• **Activity**
Keep the lines exact and the pictures out as you repeat the following listing.

• **Dataset excerpt**

****************

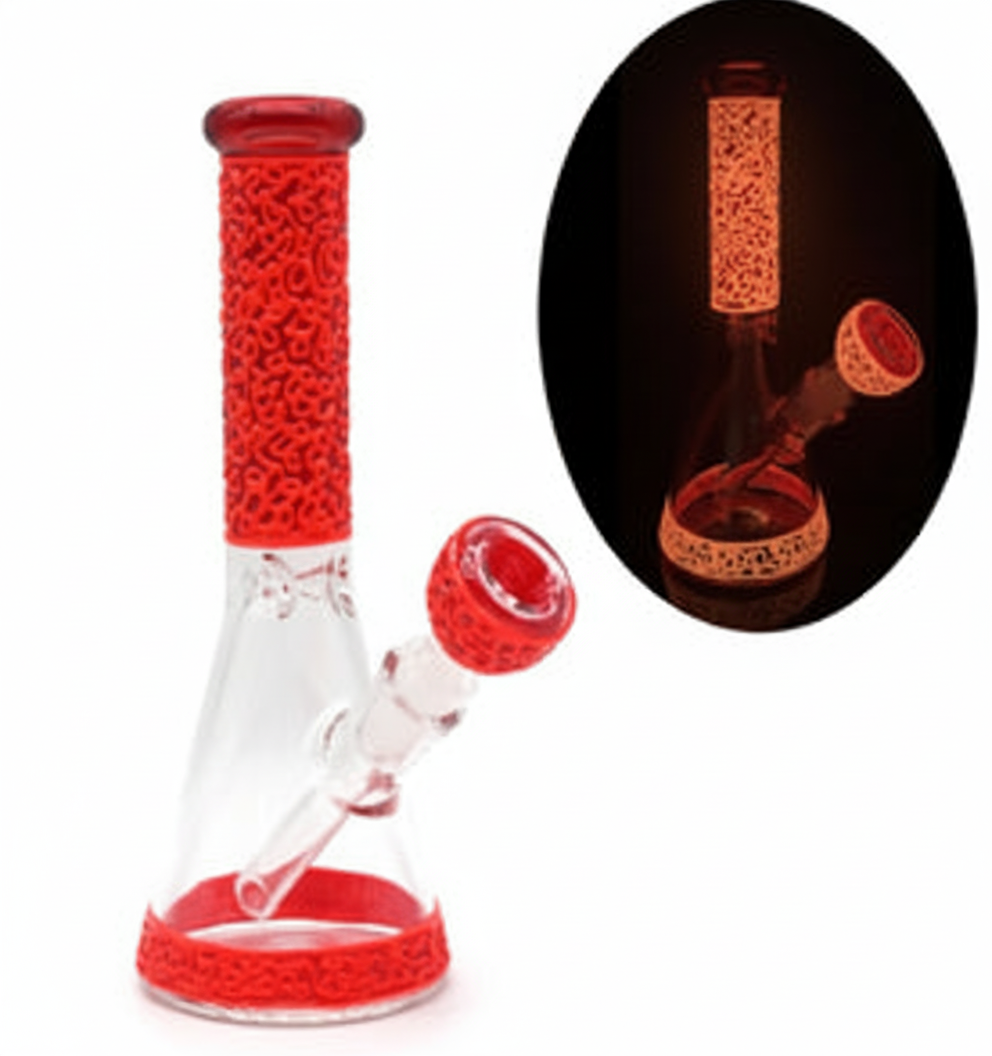 BEAKER BONG GITD – Textured with red glow – RED
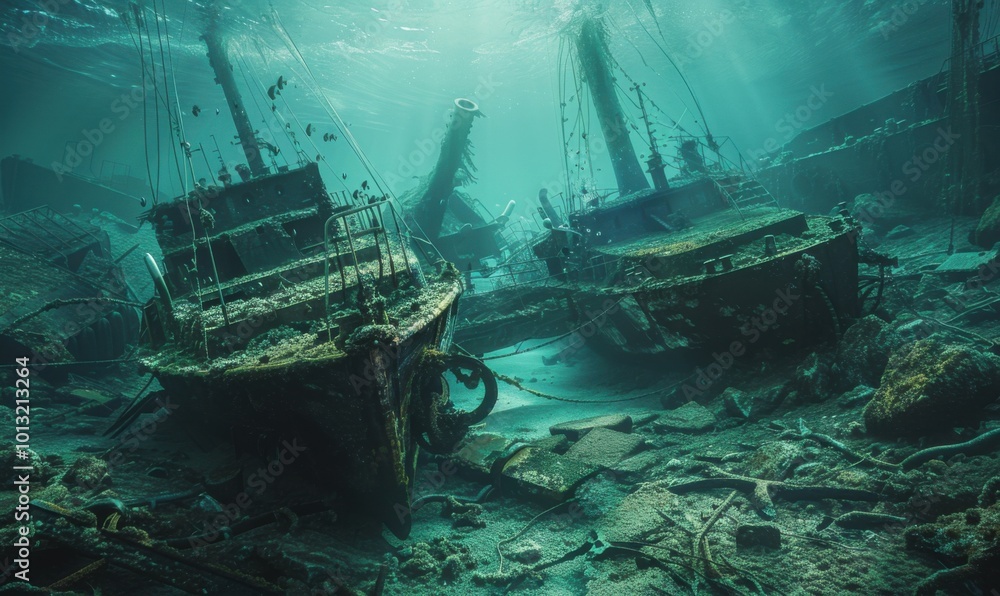 Mysterious subaquatic ruins of a merchant fleet, 4K hyperrealistic photo Mysterious subaquatic ruins of a merchant fleet, 4K hyperrealistic photo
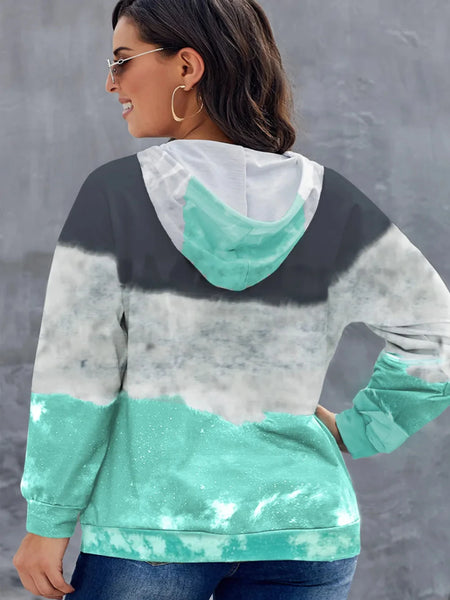 Plus Size Long Sleeve Pullover Colorblock Hoodie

****************

• **Task answer**
 BEAKER BONG GITD – Textured with red glow – RED
 Mysterious subaquatic ruins of a merchant fleet, 4K hyperrealistic photo Mysterious subaquatic ruins of a merchant fleet, 4K hyperrealistic photo
 Plus Size Long Sleeve Pullover Colorblock Hoodie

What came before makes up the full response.